Clear and present danger 0

Jennifer Rubin writes that Obama’s nuclear summit is not serious, since he will not address the truly serious nuclear threat – Iran’s development of nuclear weapons.

The nuclear summit is underway in Washington, D.C. An air of unreality pervades because the greatest nuclear threat of our time goes unaddressed. At times, the degree to which Obama evades the Iranian issue is jaw-dropping. This report explains:

“The central focus of this nuclear summit is the fact that the single biggest threat to U.S. security — both short term, medium term and long term — would be the possibility of a terrorist organization obtaining a nuclear weapon,” Obama said Sunday afternoon. “If there was ever a detonation in New York City, or London, or Johannesburg, the ramifications economically, politically and from a security perspective would be devastating. And we know that organizations like al-Qaeda are in the process of trying to secure a nuclear weapon — a weapon of mass destruction that they have no compunction at using.”

Actually, the single greatest threat — and the most likely means for a terrorist organization to possibly obtain a nuclear weapon — is the mullahs’ nuclear program.
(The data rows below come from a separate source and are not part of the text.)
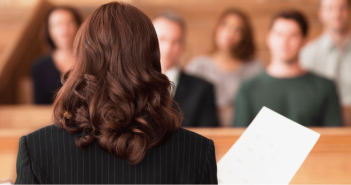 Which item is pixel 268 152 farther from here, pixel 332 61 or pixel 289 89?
pixel 332 61

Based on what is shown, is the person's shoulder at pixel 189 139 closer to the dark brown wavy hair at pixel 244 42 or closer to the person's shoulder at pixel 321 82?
the person's shoulder at pixel 321 82

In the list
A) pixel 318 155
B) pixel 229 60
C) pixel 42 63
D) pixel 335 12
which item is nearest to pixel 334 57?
pixel 335 12

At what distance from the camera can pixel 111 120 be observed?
768 mm

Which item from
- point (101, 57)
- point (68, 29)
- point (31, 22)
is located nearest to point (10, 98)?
point (31, 22)

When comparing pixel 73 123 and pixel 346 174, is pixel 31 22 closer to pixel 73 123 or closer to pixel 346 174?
pixel 73 123

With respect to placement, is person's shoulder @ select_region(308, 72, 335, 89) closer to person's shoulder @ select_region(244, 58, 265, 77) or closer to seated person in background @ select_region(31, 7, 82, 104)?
person's shoulder @ select_region(244, 58, 265, 77)

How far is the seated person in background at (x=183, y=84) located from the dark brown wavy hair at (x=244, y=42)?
1.03 m

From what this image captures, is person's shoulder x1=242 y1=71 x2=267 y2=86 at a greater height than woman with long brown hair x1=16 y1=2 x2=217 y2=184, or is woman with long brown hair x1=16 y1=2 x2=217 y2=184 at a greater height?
woman with long brown hair x1=16 y1=2 x2=217 y2=184

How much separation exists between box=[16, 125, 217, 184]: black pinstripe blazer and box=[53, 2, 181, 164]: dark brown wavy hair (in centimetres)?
3

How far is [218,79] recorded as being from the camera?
3.16 meters

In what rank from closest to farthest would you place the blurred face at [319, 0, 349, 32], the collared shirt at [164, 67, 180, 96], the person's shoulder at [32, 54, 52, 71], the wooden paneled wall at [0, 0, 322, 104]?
the collared shirt at [164, 67, 180, 96] → the blurred face at [319, 0, 349, 32] → the person's shoulder at [32, 54, 52, 71] → the wooden paneled wall at [0, 0, 322, 104]

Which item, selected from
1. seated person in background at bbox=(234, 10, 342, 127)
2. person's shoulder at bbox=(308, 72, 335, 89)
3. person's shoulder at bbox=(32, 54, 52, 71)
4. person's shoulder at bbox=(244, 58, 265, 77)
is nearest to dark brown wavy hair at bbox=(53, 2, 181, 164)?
seated person in background at bbox=(234, 10, 342, 127)

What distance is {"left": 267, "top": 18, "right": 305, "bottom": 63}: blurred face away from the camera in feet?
6.96

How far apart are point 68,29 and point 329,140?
7.99 ft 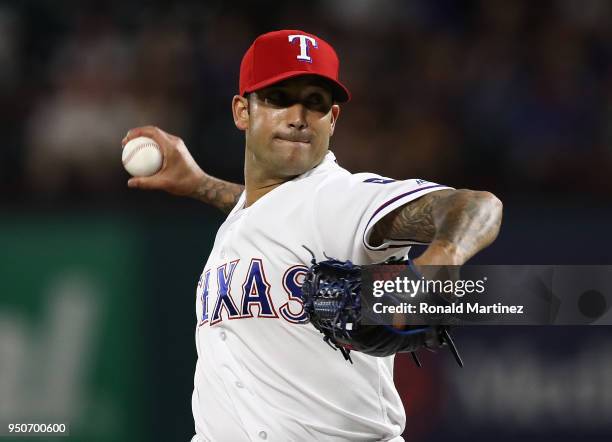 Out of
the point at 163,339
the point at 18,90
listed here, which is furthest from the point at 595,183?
the point at 18,90

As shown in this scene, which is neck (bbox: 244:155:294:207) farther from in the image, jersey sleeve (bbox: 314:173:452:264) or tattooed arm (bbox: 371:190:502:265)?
tattooed arm (bbox: 371:190:502:265)

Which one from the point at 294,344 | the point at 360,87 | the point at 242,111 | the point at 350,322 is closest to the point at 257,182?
the point at 242,111

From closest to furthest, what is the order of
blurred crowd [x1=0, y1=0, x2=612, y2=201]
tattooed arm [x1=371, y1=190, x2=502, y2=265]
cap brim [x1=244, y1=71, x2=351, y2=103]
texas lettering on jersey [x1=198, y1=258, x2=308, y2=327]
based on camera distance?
tattooed arm [x1=371, y1=190, x2=502, y2=265] < texas lettering on jersey [x1=198, y1=258, x2=308, y2=327] < cap brim [x1=244, y1=71, x2=351, y2=103] < blurred crowd [x1=0, y1=0, x2=612, y2=201]

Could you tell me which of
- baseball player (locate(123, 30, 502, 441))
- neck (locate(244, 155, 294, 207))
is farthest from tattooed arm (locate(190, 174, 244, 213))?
baseball player (locate(123, 30, 502, 441))

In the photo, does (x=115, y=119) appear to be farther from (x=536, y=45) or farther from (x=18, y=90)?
(x=536, y=45)

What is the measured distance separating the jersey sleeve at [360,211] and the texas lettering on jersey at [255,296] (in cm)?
14

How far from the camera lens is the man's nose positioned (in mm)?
2754

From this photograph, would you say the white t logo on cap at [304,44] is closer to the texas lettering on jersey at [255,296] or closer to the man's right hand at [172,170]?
the texas lettering on jersey at [255,296]

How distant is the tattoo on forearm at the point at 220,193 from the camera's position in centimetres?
365

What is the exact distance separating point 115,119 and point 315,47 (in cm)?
312

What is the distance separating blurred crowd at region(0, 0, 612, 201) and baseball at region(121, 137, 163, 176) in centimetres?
123

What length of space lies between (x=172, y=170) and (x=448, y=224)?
5.95ft

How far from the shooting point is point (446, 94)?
18.7 ft

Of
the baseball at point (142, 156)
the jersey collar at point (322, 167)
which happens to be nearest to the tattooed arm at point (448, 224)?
the jersey collar at point (322, 167) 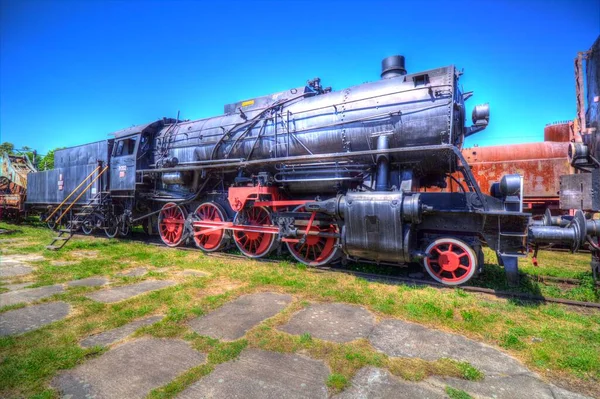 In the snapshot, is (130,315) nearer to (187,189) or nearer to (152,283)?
(152,283)

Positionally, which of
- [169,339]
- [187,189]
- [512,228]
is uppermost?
[187,189]

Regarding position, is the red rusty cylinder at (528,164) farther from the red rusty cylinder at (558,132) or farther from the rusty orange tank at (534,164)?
the red rusty cylinder at (558,132)

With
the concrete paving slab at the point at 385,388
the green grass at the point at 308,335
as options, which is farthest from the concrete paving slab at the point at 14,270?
the concrete paving slab at the point at 385,388

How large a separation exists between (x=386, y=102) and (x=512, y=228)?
3.27 metres

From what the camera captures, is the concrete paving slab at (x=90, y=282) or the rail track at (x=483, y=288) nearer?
the rail track at (x=483, y=288)

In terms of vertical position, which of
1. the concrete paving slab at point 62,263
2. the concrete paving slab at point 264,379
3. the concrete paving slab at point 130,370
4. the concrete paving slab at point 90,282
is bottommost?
the concrete paving slab at point 264,379

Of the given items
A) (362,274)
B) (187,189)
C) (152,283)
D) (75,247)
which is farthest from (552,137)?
(75,247)

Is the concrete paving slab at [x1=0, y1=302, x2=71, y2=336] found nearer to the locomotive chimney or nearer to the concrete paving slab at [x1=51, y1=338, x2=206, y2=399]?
the concrete paving slab at [x1=51, y1=338, x2=206, y2=399]

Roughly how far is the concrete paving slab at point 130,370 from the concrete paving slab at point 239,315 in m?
0.44

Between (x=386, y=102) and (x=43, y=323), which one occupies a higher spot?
(x=386, y=102)

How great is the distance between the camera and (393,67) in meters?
7.18

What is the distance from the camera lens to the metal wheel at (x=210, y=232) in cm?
874

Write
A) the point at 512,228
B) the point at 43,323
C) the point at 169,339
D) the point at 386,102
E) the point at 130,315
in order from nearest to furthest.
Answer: the point at 169,339
the point at 43,323
the point at 130,315
the point at 512,228
the point at 386,102

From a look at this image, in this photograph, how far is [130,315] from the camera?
13.7 feet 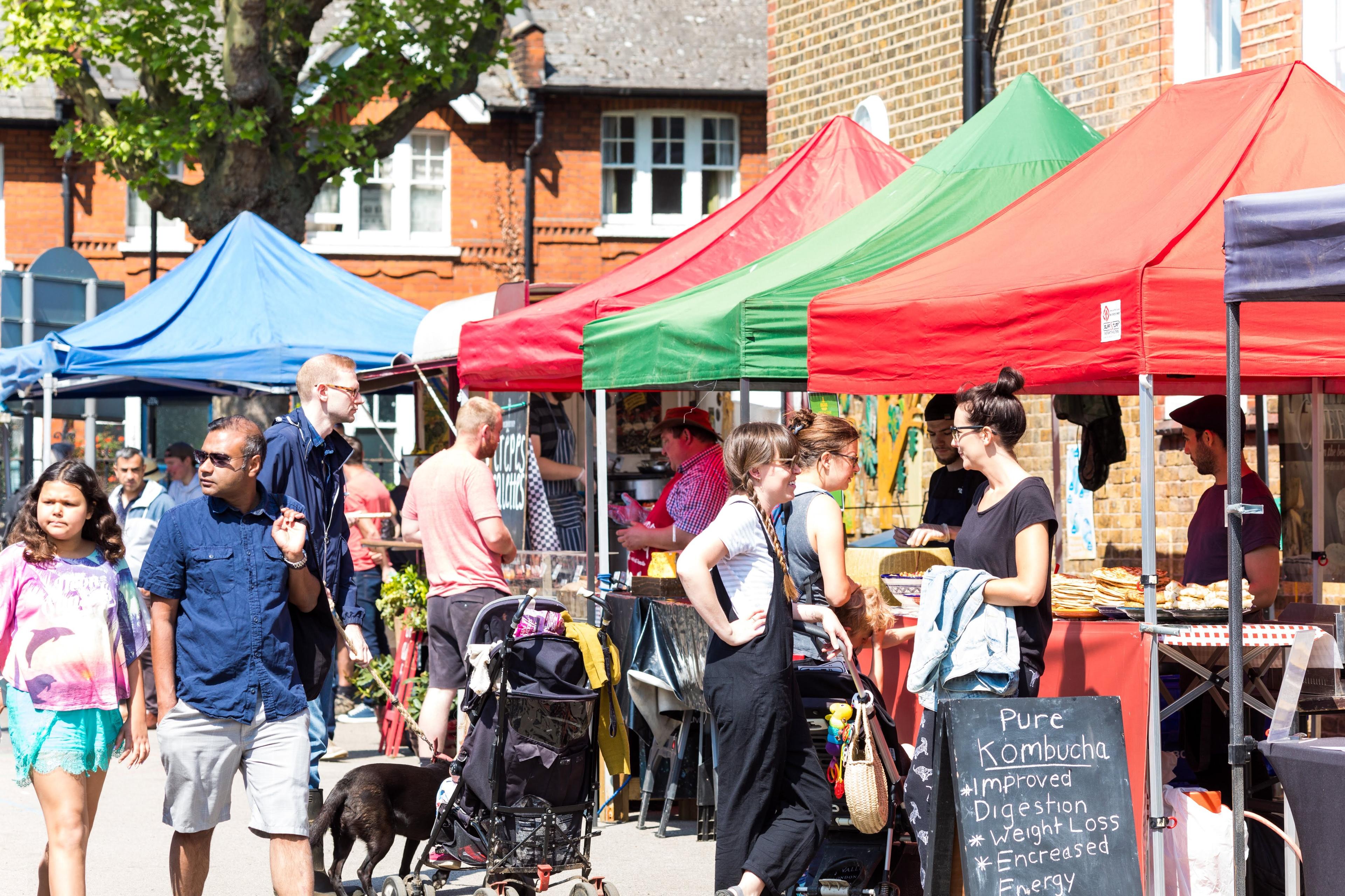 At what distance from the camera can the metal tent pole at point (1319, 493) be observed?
781 cm

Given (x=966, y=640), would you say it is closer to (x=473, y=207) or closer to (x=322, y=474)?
(x=322, y=474)

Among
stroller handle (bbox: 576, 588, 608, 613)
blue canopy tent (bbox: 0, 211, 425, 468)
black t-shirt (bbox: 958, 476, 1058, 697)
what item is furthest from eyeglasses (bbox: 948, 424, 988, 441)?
blue canopy tent (bbox: 0, 211, 425, 468)

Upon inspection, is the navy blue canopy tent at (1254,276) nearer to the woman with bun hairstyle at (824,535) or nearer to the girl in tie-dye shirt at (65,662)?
the woman with bun hairstyle at (824,535)

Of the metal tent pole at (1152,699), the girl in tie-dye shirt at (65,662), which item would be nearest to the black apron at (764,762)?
the metal tent pole at (1152,699)

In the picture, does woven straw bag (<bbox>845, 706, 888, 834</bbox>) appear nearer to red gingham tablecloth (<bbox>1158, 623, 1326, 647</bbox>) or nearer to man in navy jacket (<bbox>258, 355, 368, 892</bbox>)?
red gingham tablecloth (<bbox>1158, 623, 1326, 647</bbox>)

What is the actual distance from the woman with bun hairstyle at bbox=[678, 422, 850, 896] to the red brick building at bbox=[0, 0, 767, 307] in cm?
2021

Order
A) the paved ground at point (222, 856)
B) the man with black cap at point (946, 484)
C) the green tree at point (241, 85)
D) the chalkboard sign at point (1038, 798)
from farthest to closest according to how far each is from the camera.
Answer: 1. the green tree at point (241, 85)
2. the man with black cap at point (946, 484)
3. the paved ground at point (222, 856)
4. the chalkboard sign at point (1038, 798)

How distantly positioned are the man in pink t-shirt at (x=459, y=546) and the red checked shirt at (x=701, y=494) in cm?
87

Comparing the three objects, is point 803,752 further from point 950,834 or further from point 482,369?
point 482,369

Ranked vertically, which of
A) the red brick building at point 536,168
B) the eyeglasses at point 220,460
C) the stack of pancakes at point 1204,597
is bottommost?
the stack of pancakes at point 1204,597

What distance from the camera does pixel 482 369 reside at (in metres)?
9.77

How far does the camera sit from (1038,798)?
542 cm

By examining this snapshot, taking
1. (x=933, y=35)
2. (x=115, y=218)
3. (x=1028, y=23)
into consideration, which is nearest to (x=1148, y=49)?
(x=1028, y=23)

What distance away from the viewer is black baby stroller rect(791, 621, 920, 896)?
6.06 m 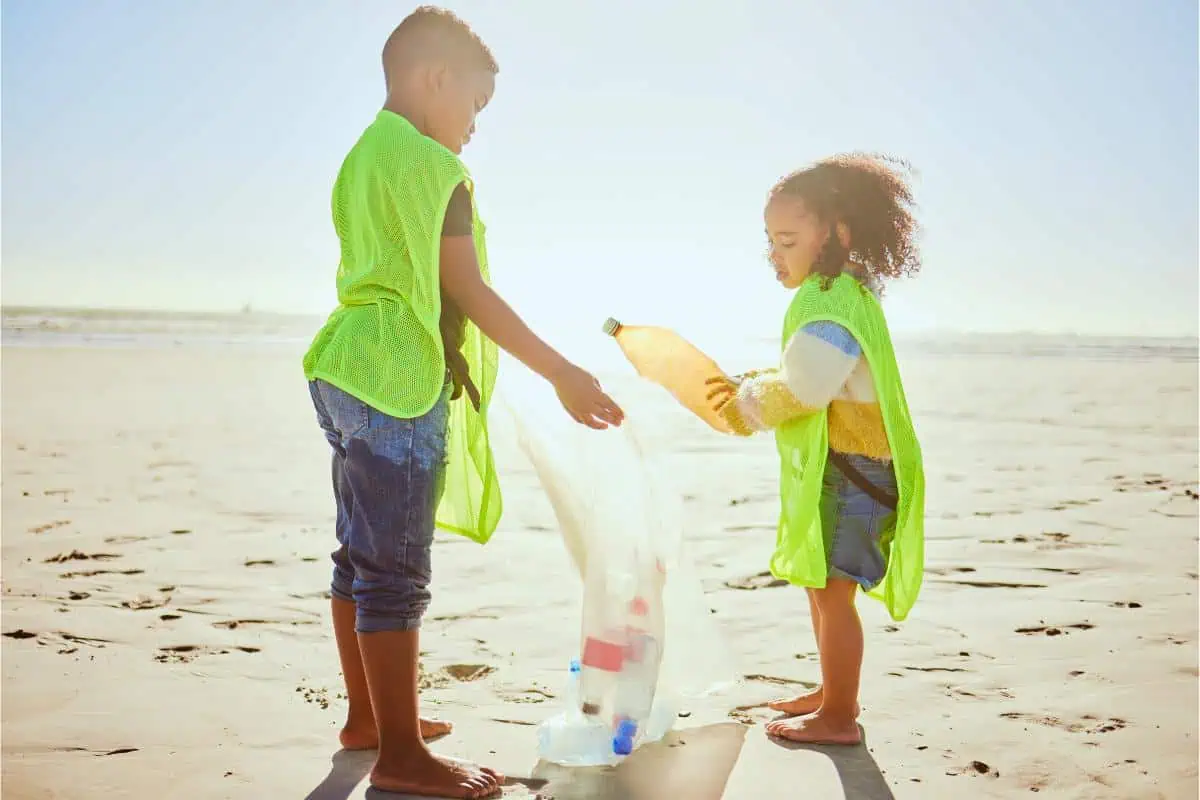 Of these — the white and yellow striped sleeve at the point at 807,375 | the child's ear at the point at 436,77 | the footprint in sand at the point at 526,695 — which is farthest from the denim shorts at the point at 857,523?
the child's ear at the point at 436,77

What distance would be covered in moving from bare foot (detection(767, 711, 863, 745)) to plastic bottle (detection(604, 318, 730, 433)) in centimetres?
82

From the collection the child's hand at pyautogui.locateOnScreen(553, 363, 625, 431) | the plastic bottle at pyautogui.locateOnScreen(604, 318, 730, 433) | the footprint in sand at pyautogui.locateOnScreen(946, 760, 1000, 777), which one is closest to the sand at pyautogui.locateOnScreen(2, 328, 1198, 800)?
the footprint in sand at pyautogui.locateOnScreen(946, 760, 1000, 777)

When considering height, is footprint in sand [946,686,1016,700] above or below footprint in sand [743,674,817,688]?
above

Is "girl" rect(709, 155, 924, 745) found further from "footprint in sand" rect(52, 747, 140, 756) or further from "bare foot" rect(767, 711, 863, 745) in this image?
"footprint in sand" rect(52, 747, 140, 756)

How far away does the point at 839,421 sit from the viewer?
297 centimetres

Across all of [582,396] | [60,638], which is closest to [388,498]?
[582,396]

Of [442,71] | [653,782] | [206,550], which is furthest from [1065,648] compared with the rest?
[206,550]

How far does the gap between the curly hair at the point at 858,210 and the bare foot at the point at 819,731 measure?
3.90 ft

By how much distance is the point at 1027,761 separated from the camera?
2.68 meters

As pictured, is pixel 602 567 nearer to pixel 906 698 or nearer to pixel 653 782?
pixel 653 782

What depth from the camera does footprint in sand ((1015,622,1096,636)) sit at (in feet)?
12.0

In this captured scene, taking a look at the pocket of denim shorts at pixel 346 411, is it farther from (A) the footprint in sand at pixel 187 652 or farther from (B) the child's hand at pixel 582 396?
(A) the footprint in sand at pixel 187 652

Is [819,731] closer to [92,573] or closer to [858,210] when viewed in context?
[858,210]

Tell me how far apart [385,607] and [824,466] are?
123 centimetres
About that, the president offers the moral power of example (i.e., our own disarmament) and watered-down sanctions.

She is right, of course.

But this report indicates that material to make “dirty” bombs is already in the hands of terrorists:

Five people suffering serious burns were hospitalized in West New Delhi this week from contact with radioactive material in a Delhi scrap market identified as Cobalt-60 which may be used for making a dirty bomb. Indian police cordoned off the 200 market stores and sealed nearby establishments up to a one-kilometer radius. Scrap dealer Deepak Jain and his helpers lost consciousness when they cut a piece of scrap metal. A white fluid oozed out causing the burns, Jain’s hair fell out and within minutes his skin turned black. His workers suffered and nausea.

All five are battling for their lives in hospital, setting off a security scare in the Indian capital, with prime minister Manmohan Singh briefed on the incident before leaving for Washington to attend the nuclear security summit which opened Monday, April 12.

Nuclear scientists from the Baba Atomic Research Center and Narora Atomic Power Plant identified the material and are working around the clock to investigate its source. …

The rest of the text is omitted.